C’était en 850, et la persécution dura trois ans. Elle commença par saint Parfait, et finit par saint Euloge. Des vieillards, des jeunes gens, des vierges lassèrent la cruauté des persécuteurs.

Aujourd’hui, rien n’est plus calme et solitaire que ce coin de Cordoue, et le fleuve que les Romains appelaient le Bœtis, et que les Arabes nommèrent Ouad-al-Quebir, y fait toujours entendre ses plaintes monotones.

Mais les rivages sont toujours souriants, et parmi les orangers, les citronniers et les grenadiers chargés de fruits, jaillissent toujours les fontaines et gazouillent les jets d’eau.

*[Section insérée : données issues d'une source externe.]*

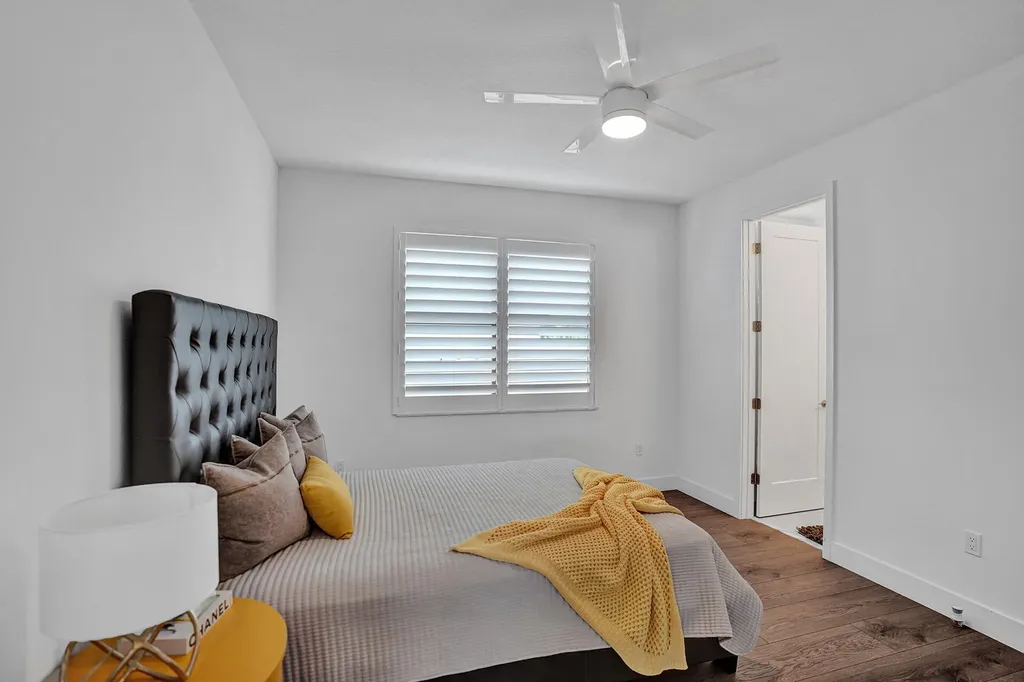 17523 Rainstream Road Boca Raton FL 33496
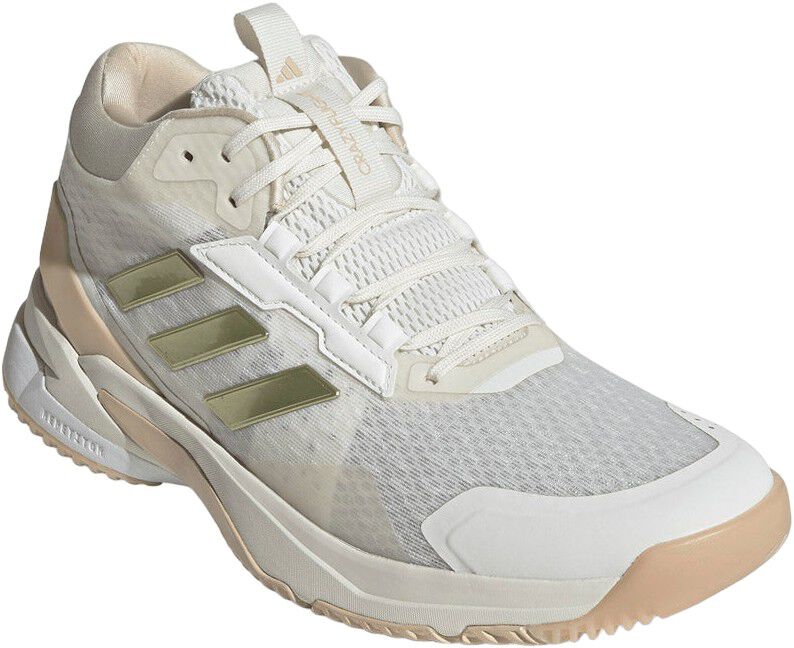 Crazyflight 6 Mid H&aring;ndboldsko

On assure que Cordoue comptait jadis deux cent mille maisons, quatre-vingt mille palais, neuf cents bains, et avait douze mille villages pour faubourgs. Les Arabes y avaient construit sept cents mosquées, une foule de marchés, de bazars et d’hôtelleries.

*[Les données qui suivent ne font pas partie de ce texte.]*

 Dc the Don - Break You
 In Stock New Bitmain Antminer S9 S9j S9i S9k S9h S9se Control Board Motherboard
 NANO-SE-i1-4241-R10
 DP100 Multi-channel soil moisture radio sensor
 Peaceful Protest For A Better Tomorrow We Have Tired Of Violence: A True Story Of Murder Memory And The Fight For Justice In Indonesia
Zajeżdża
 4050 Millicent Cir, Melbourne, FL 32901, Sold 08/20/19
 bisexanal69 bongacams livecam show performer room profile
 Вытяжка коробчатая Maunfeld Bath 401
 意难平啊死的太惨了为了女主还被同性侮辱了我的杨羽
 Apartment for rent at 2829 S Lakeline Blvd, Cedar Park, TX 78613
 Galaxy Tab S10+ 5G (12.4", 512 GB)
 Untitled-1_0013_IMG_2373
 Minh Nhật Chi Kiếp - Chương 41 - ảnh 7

Il y a sans doute de l’exagération dans ces chiffres ; mais il est certain que la Cordoue actuelle ne peut plus donner aucune idée de son ancienne splendeur. Ce qu’elle a conservé, c’est le caractère oriental de ses constructions, sa merveilleuse mosquée convertie en cathédrale, et quelques pans de murailles percées de portes monumentales, et flanquées de tours sarrasines, chrétiennes, et arabes, qui faisaient partie de ses anciennes fortifications. Un vieux pont de pierre remonte même jusqu’à l’époque romaine, et mérite l’attention de l’antiquaire. L’on y arrive par une grande porte à colonnes, et il se termine par une forteresse crénelée, nommée la Carrahola.

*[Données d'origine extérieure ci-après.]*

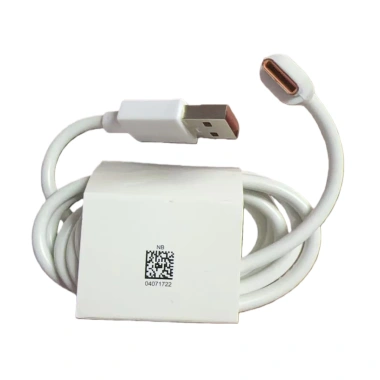 Bộ sạc nhanh 80W/100W Super VOOC Dart USB Type-C Oppo Realme Reno, 49.000 VND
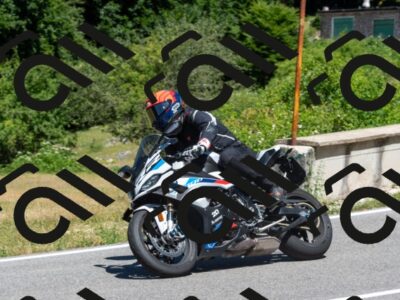 20250629112153-R01_9179_r1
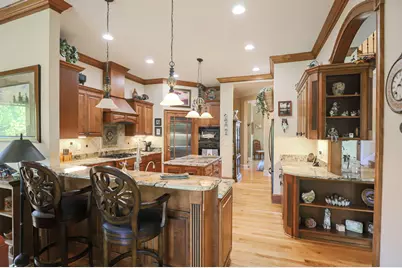 310 James Booth Court, North Augusta, SC 29860 - Photo 25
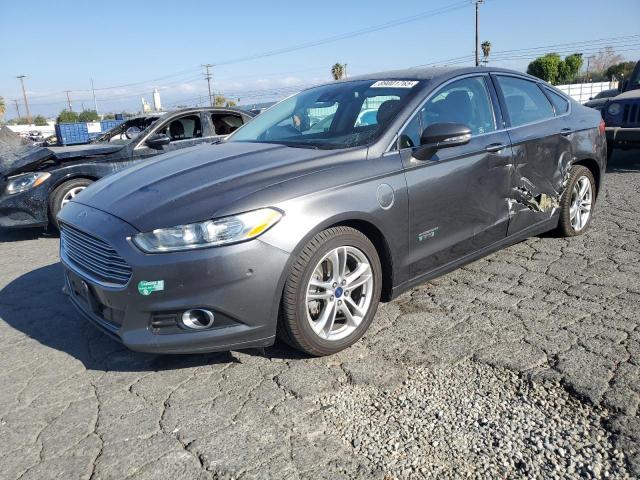 FORD FUSION TIT 2016 3fa6p0suxgr225158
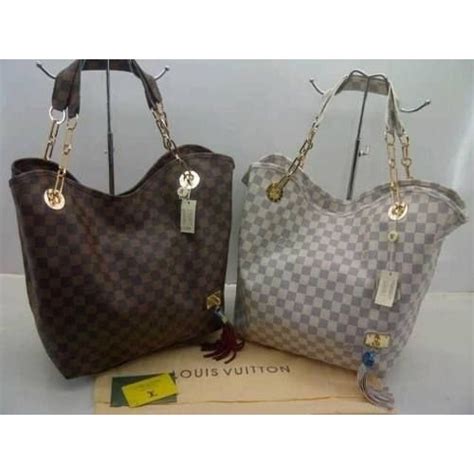 how to find louis vuitton clone on aliexpress|aliexpress dupe lookup.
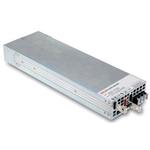 DPU-3200-48 MEAN WELL 3200W Single Output Power Supply | myMectronic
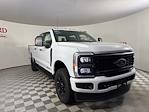 New 2024 Ford F-350 XL Crew Cab 4x4, Pickup for sale #245510 - photo 3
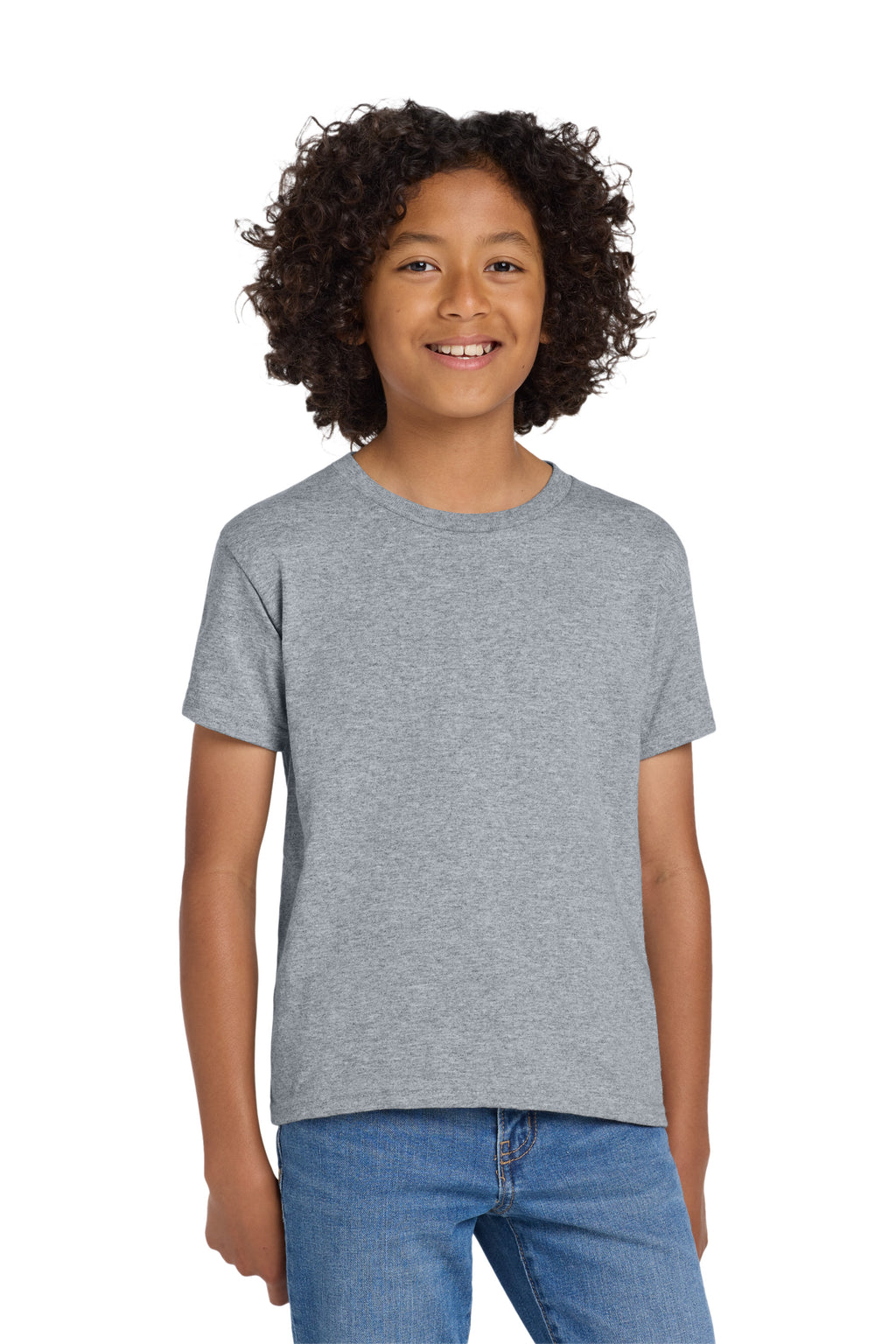 Kids T shirt G-8000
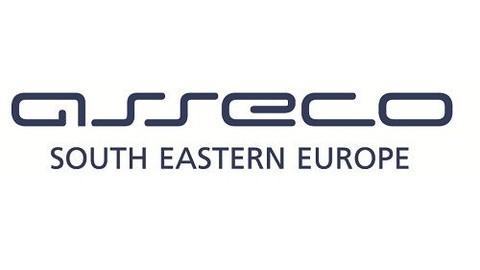Asseco SEE Finansal İş Uygulamaları Birimine Mutlu Özdemir’i getirdi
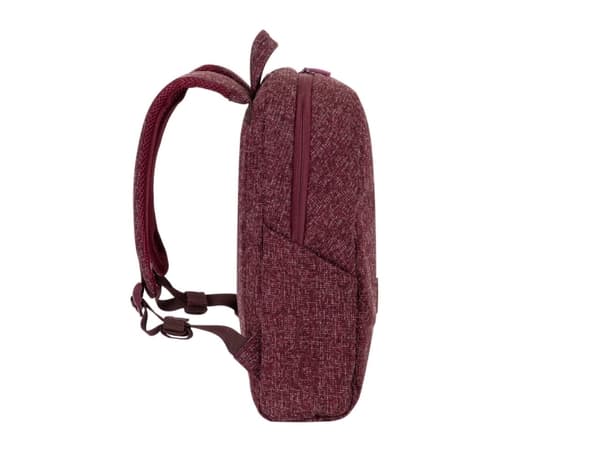 Rivacase 7923, Ryggsekk, 33,8 cm (13.3"), Skulderrem, 630 g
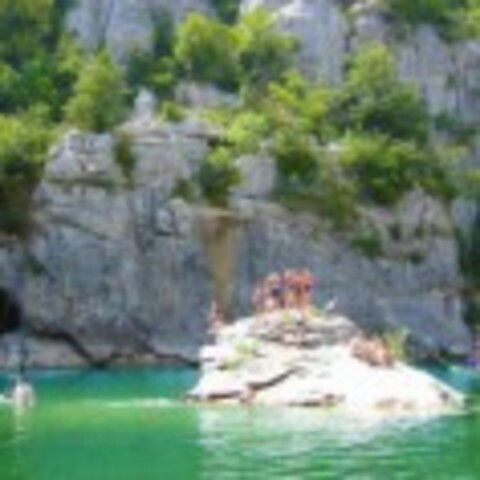 Oberoende Studio Saint-Pierre-Saint-Jean 45434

Les rues de la ville sont étroites et tortueuses, et dans les vieux quartiers l’on ne pourrait pas circuler en voiture. Aussi n’y rencontrons-nous que des piétons et de petits ânes. Quand ces derniers sont bâtés de paniers, il faut se ranger le long des murs pour leur donner l’espace suffisant. Ces excellentes bêtes de somme font ici tous les transports, et je crois qu’elles font partie de la famille ; car j’en ai vu qui entraient sans cérémonie dans les maisons.

De chaque côté de la rue se dressent de hautes murailles, badigeonnées de jaune ou de blanc, percées de très rares fenêtres grillées, et je crus d’abord que nous errions dans un quartier inhabité. Rien ne semblait devoir jamais troubler la solitude et le silence dans ces ruelles profondes, qui ressemblent aux corridors d’une catacombe.

Mais bientôt la vie intérieure de cette ruche humaine se révéla. C’était le matin ; les portes s’ouvrirent, et à travers de jolies grilles peintes, nous aperçûmes les patios, qui font l’effet d’apparitions lumineuses. Il semble que l’on se promène dans un purgatoire, et que l’on a, de distance en distance, des échappées de vue sur un coin du ciel.

Il y a une grande variété de patios, mais la plupart sont des cours intérieures, pavées en marbre ou en mosaïque, entourées d’un promenoir à arcades et à colonnes comme les cloîtres, ornées de fleurs, de peintures, ou de statues, et rafraîchies par un jet d’eau qui murmure dans une vasque de marbre. Les promenoirs sont souvent à double étage, avec des colonnades de marbre vraiment artistiques, et parfois même il y a deux ou trois patios, ouvrant les uns sur les autres et présentant la plus admirable perspective. La lumière y descend à flots. L’hiver, un toit de verre les protège contre la pluie et le froid, et l’été une tenture de toile les abrite contre le soleil.

C’est après une course intéressante dans ce coin d’orient que nous arrivons à la fameuse mosquée.